## Transfer Data: Transfer Data from Blob Storage to Azure SQL Database using an existing Azure Data Factory

### Description

[Workspace](https://docs.microsoft.com/en-us/python/api/azureml-core/azureml.core.workspace%28class%29?view=azure-ml-py) 
Connect to your Azure Machine Learning service Workspace. Note that if you are using a Compute Instance the config file is already there for the Workspace you're within, otherwise you will need to create it.

In [1]:
import azureml.core
from azureml.core import Workspace, Datastore, Dataset

mlonazure_ws = Workspace.from_config()

mlonazure_ds = mlonazure_ws.get_default_datastore()

print('Workspace Name: ' + mlonazure_ws.name, 
      'Resource Group: ' + mlonazure_ws.resource_group,
      'Default Storage Account Name: ' + mlonazure_ds.account_name,
      'AzureML Core Version: ' + azureml.core.VERSION,
      sep = '\n')

Workspace Name: mlonazure-ws
Resource Group: mlonazure-rg
Default Storage Account Name: mlonazurews7669880942
AzureML Core Version: 1.5.0


### Description

[DataReference Class](https://docs.microsoft.com/en-us/python/api/azureml-core/azureml.data.data_reference.datareference?view=azure-ml-py) Create a reference to the blob storage. Note that in the path_on_datastore you can use wildcards for multipe files.


In [2]:
from azureml.data.data_reference import DataReference

blob_data_ref = DataReference(datastore = mlonazure_ds, 
                  data_reference_name='blobref', 
                  path_on_datastore='MyDatasets/OJSales_All/*.csv', 
                  mode='mount', 
                  path_on_compute=None, 
                  overwrite=False)

### Description

[SqlDataReference Class](https://docs.microsoft.com/en-us/python/api/azureml-core/azureml.data.sql_data_reference.sqldatareference?view=azure-ml-py) Create a reference to the SQL Datastore registered in (01. Transfer Data Configuration) and the specific table to write to. 

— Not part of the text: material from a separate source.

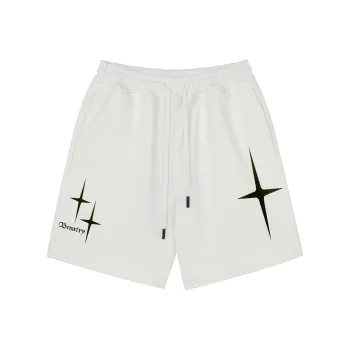 BENATRY Casual Shorts Unisex White
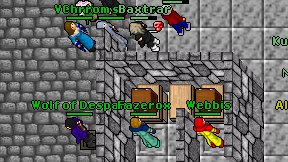 Fazerox on screen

**Note** There is currently a bug in the SDK that writes to a table named 'dummy' and not the sql_table name passed here. Therefore, make sure you create the table 'dummy' (I know, I know...) and provide the Service Princple approperiate permissions to read/write to it.

**Note** The DataTransferStep assumes your data has a header and uses the first row to do a column mapping with your table's columns, the names need to match!


In [3]:
from azureml.data.sql_data_reference import SqlDataReference

mlonazuresql_ds = Datastore(workspace=mlonazure_ws,
                            name='azuresqldb_datastore')

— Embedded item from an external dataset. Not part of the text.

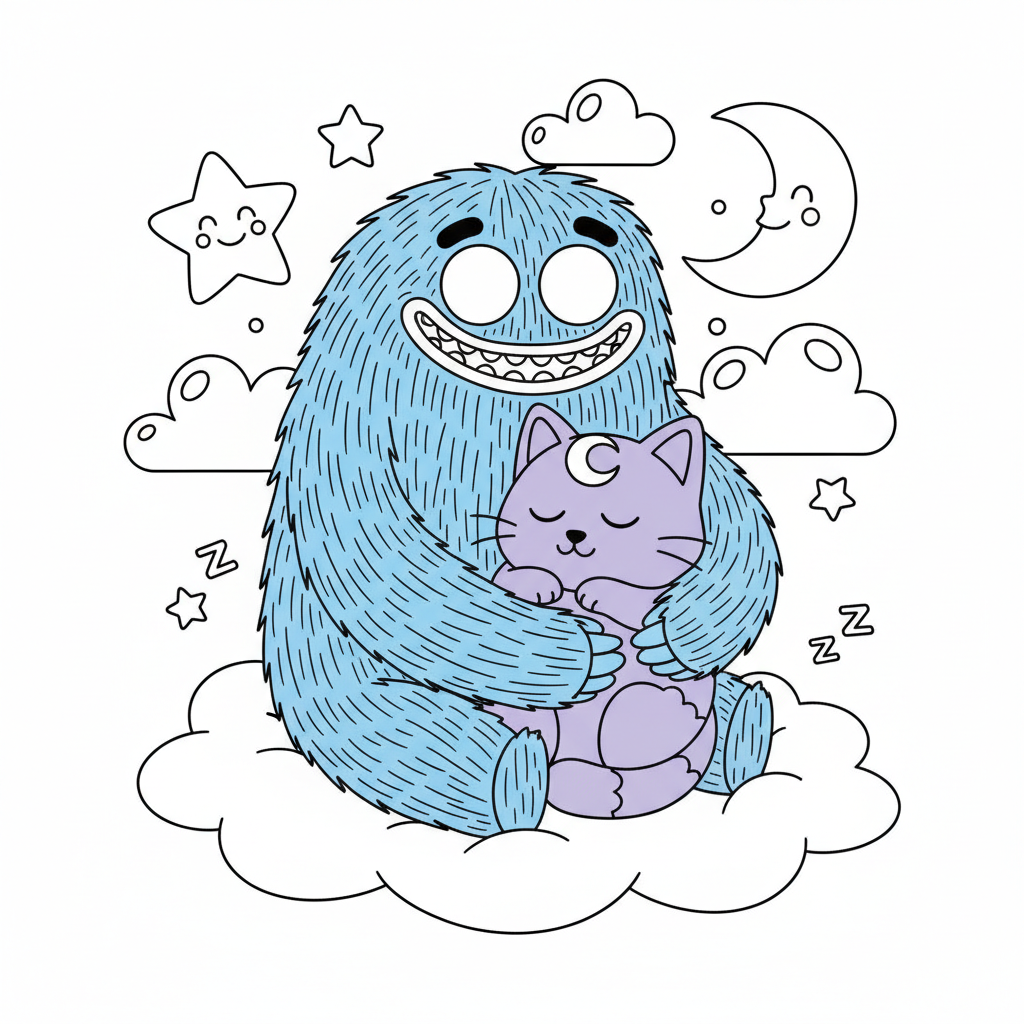 Coloriage huggy wuggy coloriage 2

sql_query_data_ref = SqlDataReference(
                    datastore = mlonazuresql_ds, 
                    data_reference_name='sqlreference', 
                    sql_table='OJSalesData', 
                    sql_query=None, 
                    sql_stored_procedure=None, 
                    sql_stored_procedure_params=None)


### Description

[DataFactoryCompute Class](https://docs.microsoft.com/en-us/python/api/azureml-core/azureml.core.compute.datafactory.datafactorycompute?view=azure-ml-py) Simply connect to the datafactory that was attached in the 01. Transfer Data Coniguration Notebook.

In [4]:
from azureml.core.compute import DataFactoryCompute

adfcompute = 'mlonazure-adf'
adf_compute = DataFactoryCompute(workspace=mlonazure_ws, name=adfcompute)
adf_compute.name

'mlonazure-adf'

### Description

[DataTransferStep class] (https://docs.microsoft.com/en-us/python/api/azureml-pipeline-steps/azureml.pipeline.steps.datatransferstep?view=azure-ml-py) Create a DataTransferStep providing it the blob reference, sql reference and the adf compute from above. 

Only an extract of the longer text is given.